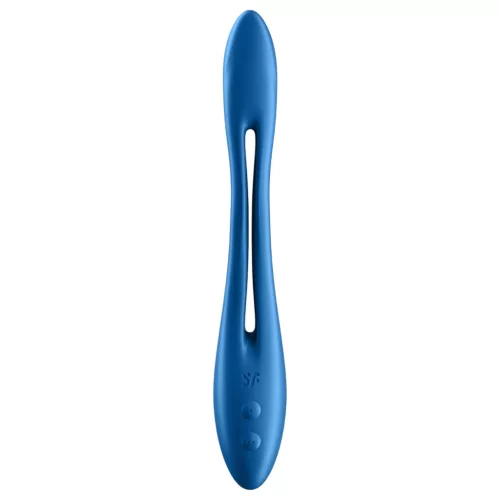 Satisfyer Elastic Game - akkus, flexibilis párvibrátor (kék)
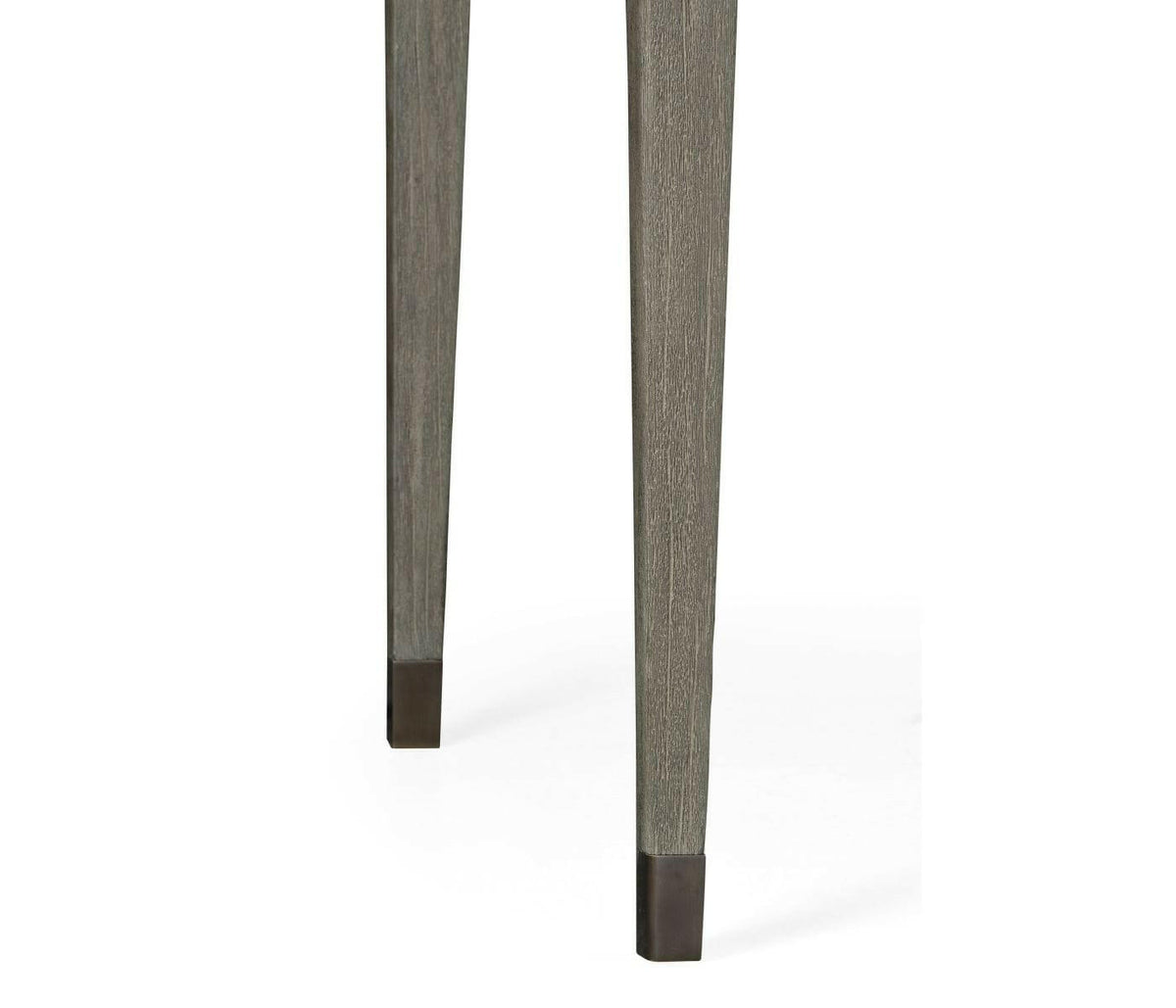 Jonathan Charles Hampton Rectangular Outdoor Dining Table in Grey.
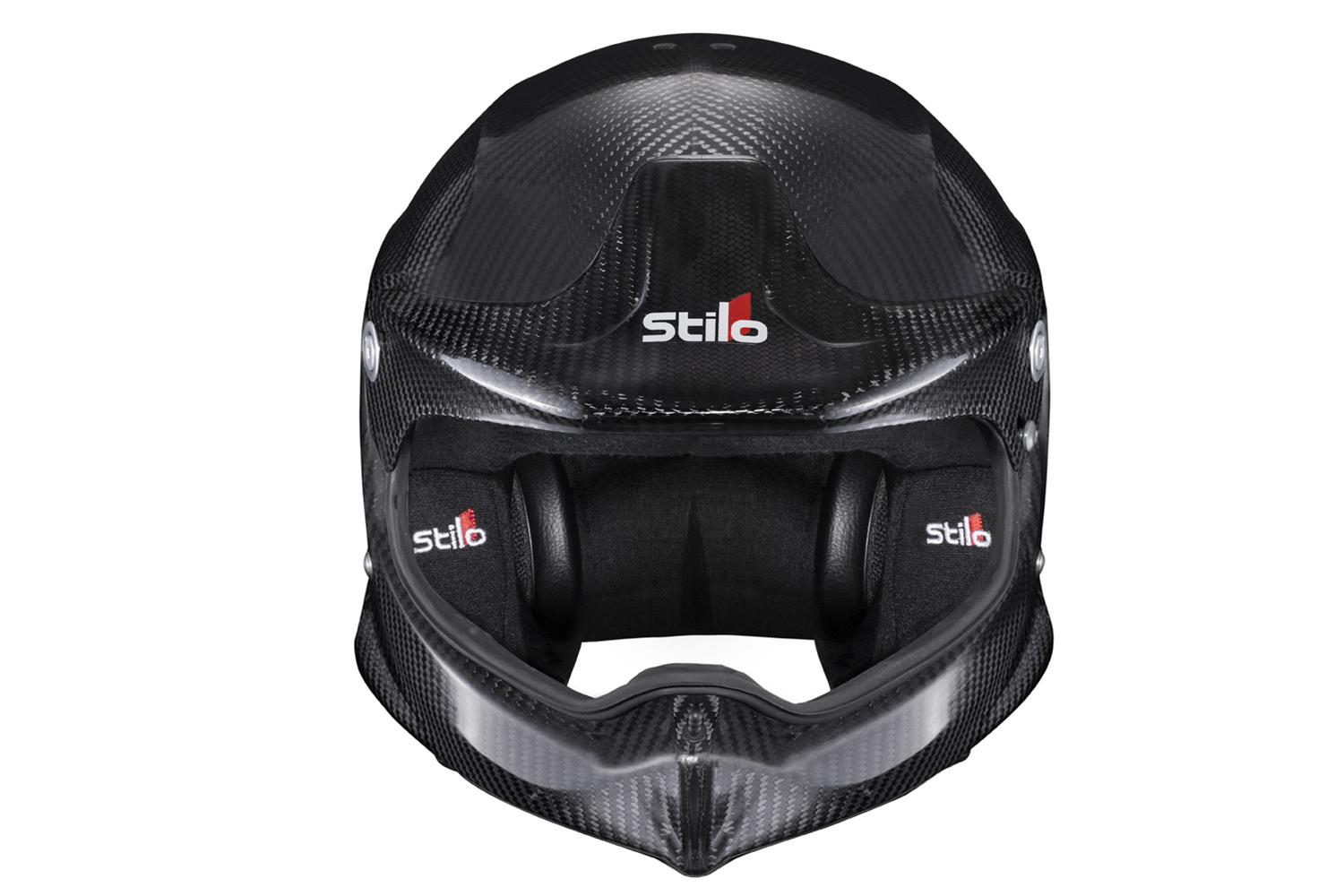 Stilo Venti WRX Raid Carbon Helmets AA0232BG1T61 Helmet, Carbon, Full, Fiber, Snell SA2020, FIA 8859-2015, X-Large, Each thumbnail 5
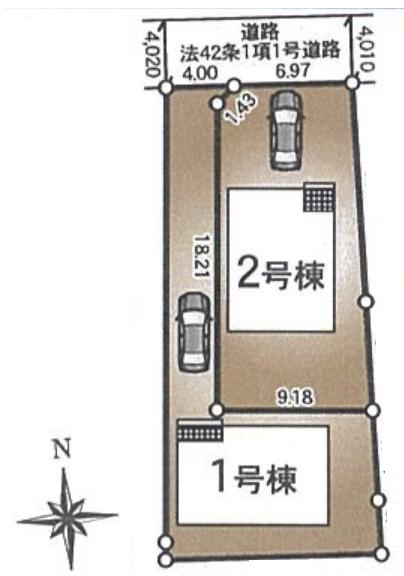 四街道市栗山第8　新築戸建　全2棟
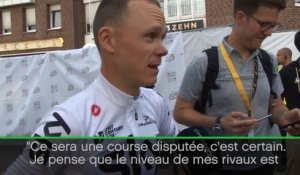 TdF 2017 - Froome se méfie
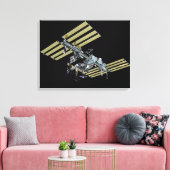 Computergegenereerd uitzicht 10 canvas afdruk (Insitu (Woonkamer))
━━━━
▶ TO DO
Copy out only the lines beginning at the line with "TdF 2017 - Froome se méfie" and ending at the last line of the entries. Keep them exact; drop pictures.

▶ EXERCISE SOLUTION
 TdF 2017 - Froome se méfie
 Computergegenereerd uitzicht 10 canvas afdruk (Insitu (Woonkamer))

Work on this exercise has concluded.